El argumento numérico esgrimido por la gerencia universitaria era falaz: los cursos de arte beneficiaban a treinta y ocho alumnos, pero también a quinientos diecinueve estudiantes de otras carreras que ese semestre complementaban su formación con cursos de Arte. Nada más al curso de Historia del Arte asistieron, durante el primer semestre de 1971, ciento setenta y dos estudiantes de otras facultades y departamentos de la universidad.
La Escuela de Bellas Artes prosiguió su actividad pero la agonía generó divisiones internas. Algunos profesores responsabilizaron a Roda por la situación, por firmar la carta y por haber rechazado años antes la oferta de sacar la Escuela de la universidad para mudarla al norte a un entorno más seguro para el arte y para el resto de la institución.
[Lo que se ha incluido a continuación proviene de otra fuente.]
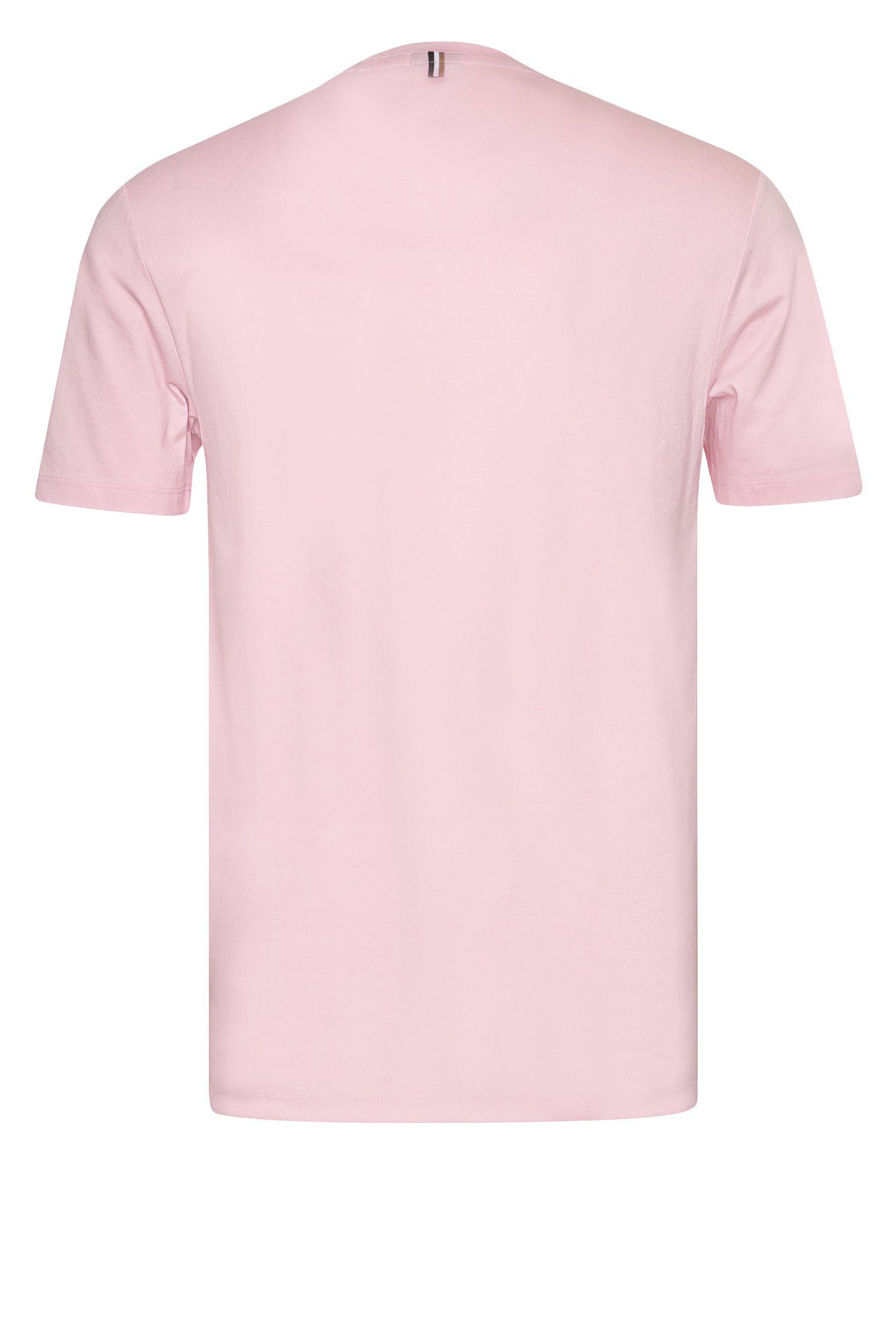 (690) Rosa BOSS Tessler (1-tlg) T-Shirt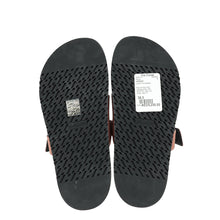 Hermes Bois De Rose Satin Chypre Sandals 38.5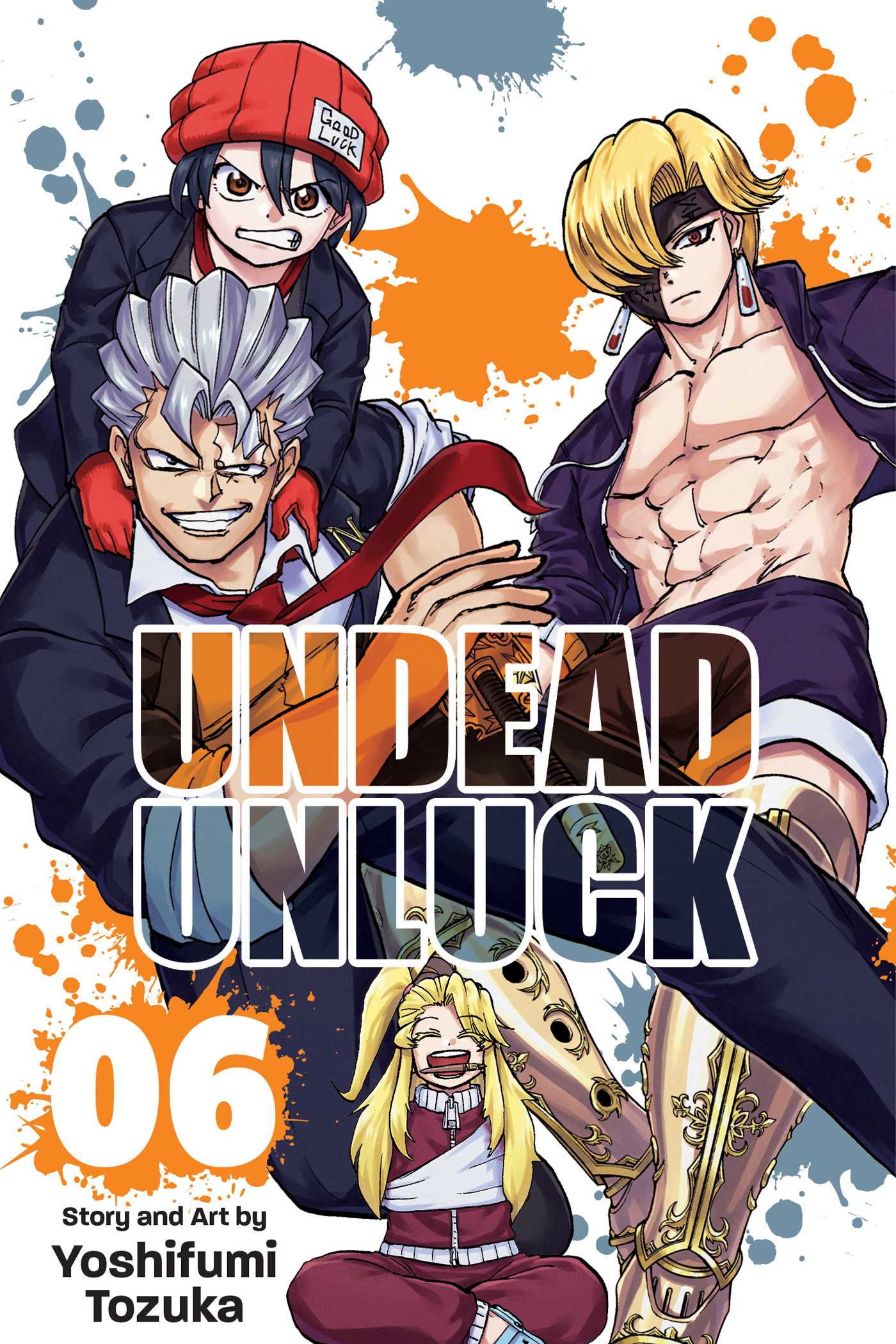 Undead Unluck, Vol. 6 — manga cover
Una reconstrucción del acta de un consejo de profesores de planta —compuesto por artistas e historiadores del arte— recoge un compendio de frases dichas al Director: “la dirección es un cargo de servicio, no para llevar causas personales”, “no nos sentimos representados por usted”, “usted es terco”, “ está desgastado” “su crítica no debe trascender su cargo como profesor o director”, “su mandato genera polarización”. En agosto de 1971 Roda envió una carta a la gerencia universitaria: “Por no estar de acuerdo con las medidas que ustedes han tomado en relación con la Escuela de Bellas Artes de esta universidad, renuncio a mi cargo de Director de manera irrevocable”.
Carta de renuncia de Juan Antonio Roda (1971)
En 1974, el último de los alumnos obtuvo su grado, y hasta ese día el último de los profesores de Arte pudo justificar su permanencia en la universidad. La última estudiante en graduarse fue Margarita Monsalve, con una serie de grabados. La estudiante cuenta que tuvo que postergar dos veces la entrega de su trabajo final pues el cilindro de la imprenta fue robado, reemplazado con un repuesto usado, y luego vuelto a robar. Se dice que detrás de estos robos estuvo Pedro Manrique Figueroa que, como infiltrado de la ACA, motivó a los estudiantes de arte para que no se graduaran y así evitar el cierre que expulsó al arte de la Universidad de los Andes.
El Sol Rojo, Pedro Manrique Figueroa, collage, 12 x 17 cms (1973)
* Precursor del Collage en Colombia.